NOW THERE’S A THOUGHT

“Dems aren’t losing because ppl DON’T understand their message — they are losing cause ppl DO understand and want no part of it.”

Mike Huckabee, in a tweet Wednesday.

MEANWHILE IN RUSSIA

A new Pew Research Center reveals that 87 percent of Russians now have confidence in President Vladimir Putin to do the “right thing” when it comes to global affairs.

While Russians are concerned about the economy and employment like everyone else on the planet, 6-out-of-10 also say their nation plays a more important role in the world than it did a decade ago. See more numbers in the Poll du Jour at column’s end.

THE REPUBLICAN TREASURE CHEST

The aforementioned Republican National Committee raised a record-setting $10.8 million in May, a new post-presidential record. Since the beginning of 2017, the organization has raised $61.9 million. Finance Chairman Steve Wynn says the donations coming in are both “unprecedented” an “unwavering.”

And some applause for frugality: the committee also has zero debt, he says.

Things are not so jubilant elsewhere, however. The Democratic National Committee raised $4.3 million in May, compared to $12.3 million in May 2016, $19.9 million in May 2012.

SULLIVAN Vs THE TRASH VORTEX

The Great Pacific Garbage Patch, the garbage vortex — there are multiple names for gargantuan collections of trashy marine debris floating around the Pacific, Atlantic and Indian oceans and even the Great Lakes, made up of degrading garbage, Styrofoam, plastic bottles and lost cargo of every description. We’re talking athletic shoes, hockey pads, fishing gear, rubber duckies — this according to the National Geographic Society, which has tracked this phenomenon for decades.

And now it’s time for a oceanic garbage patch a hearing on Capitol Hill.

On Thursday, Sen. Dan Sullivan — Alaska Republican and chairman of the Commerce subcommittee on Oceans, Atmosphere, Fisheries, and Coast Guard — convenes a hearing appropriately titled “Efforts on Marine Debris in the Oceans and Great Lakes.” Mr. Sullivan is in search of solutions to “the marine debris crisis.”

On hand to have their say: David Balton, deputy assistant Secretary of State for Oceans and Fisheries; and Nancy Wallace, director of NOAA’s Marine Debris Program. See a live stream of the hearing at 10 a.m. EDT at commerce.senate.gov.

THEY CAN’T DENY IT

A new CBS News poll has predictable partisan divides on President Trump’s job performance and favorability. Republicans continue to stand staunchly by their man, Democrats cringe, and independents linger somewhere in the middle for the most part. There is one area they all agree on, however.

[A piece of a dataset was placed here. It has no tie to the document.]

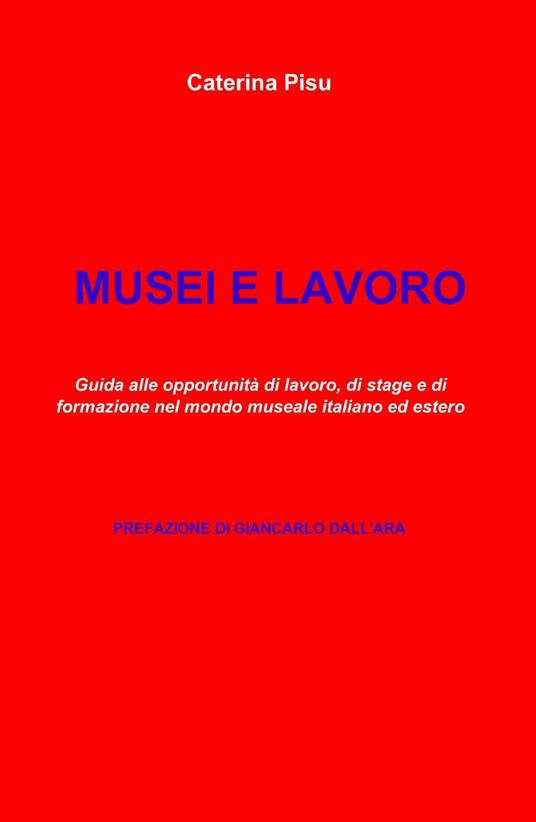 Musei e lavoro - Caterina Pisu - copertina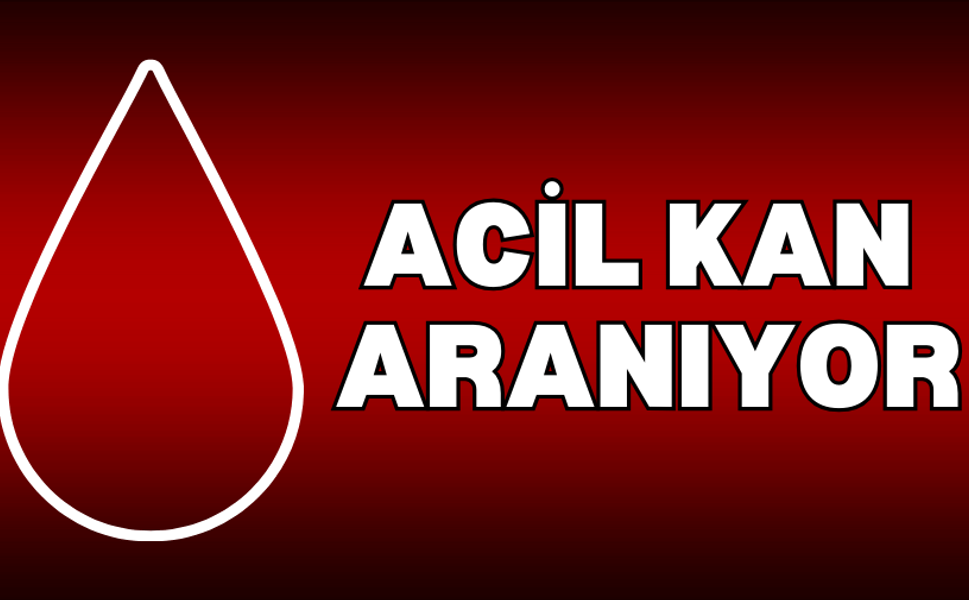 FİRUZ YEŞİLKUŞAK İÇİN ACİL KAN ARANIYOR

“Positive views of the economy have been inching up since last fall, and 64 percent of Americans now say the economy is in good shape, the highest percentage since May 2002. Majorities of all partisan stripes rate the nation’s economy positively,” the poll analysis says.

And the numbers: 78 percent of Republicans, 58 percent of Democrats and 60 percent of independents agree.

LADIES ON A MISSION

College-age conservative women gather at the Heritage Foundation in the nation’s capital for the three-day Network of Enlightened Women conference. There will be some enlightened women in attendance, including White House counselor Kellyanne Conway, Tennessee Rep. Marsha Blackburn, Wisconsin Lt. Gov. Rebecca Kleefisch, Judicial Crisis Network chief counsel Carrie Severino, and some savvy journalists, authors and columnists who include Mercedes Schlapp, Kristen Soltis Anderson, Genevieve Wood, Mary Katharine Hamm and Mona Charen.

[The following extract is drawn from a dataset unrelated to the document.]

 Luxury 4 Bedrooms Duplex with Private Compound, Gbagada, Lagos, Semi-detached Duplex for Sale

Find this ambitious group at EnlightenedWomen.org.

POLL DU JOUR

87 percent of Russians have confidence in President Vladimir Putin to “do the right thing regarding world affairs.”

85 percent say a “strong Russia” is necessary to balance the influence of the West.

73 percent say traditional Russian values “conflict with those of the West.”

59 percent say Russia plays a more important role in the world now than it did 10 years ago.

59 percent say the dissolution of the Soviet Union has been a “bad thing” for Russia.

56 percent say Russia should be “more respected around the world.”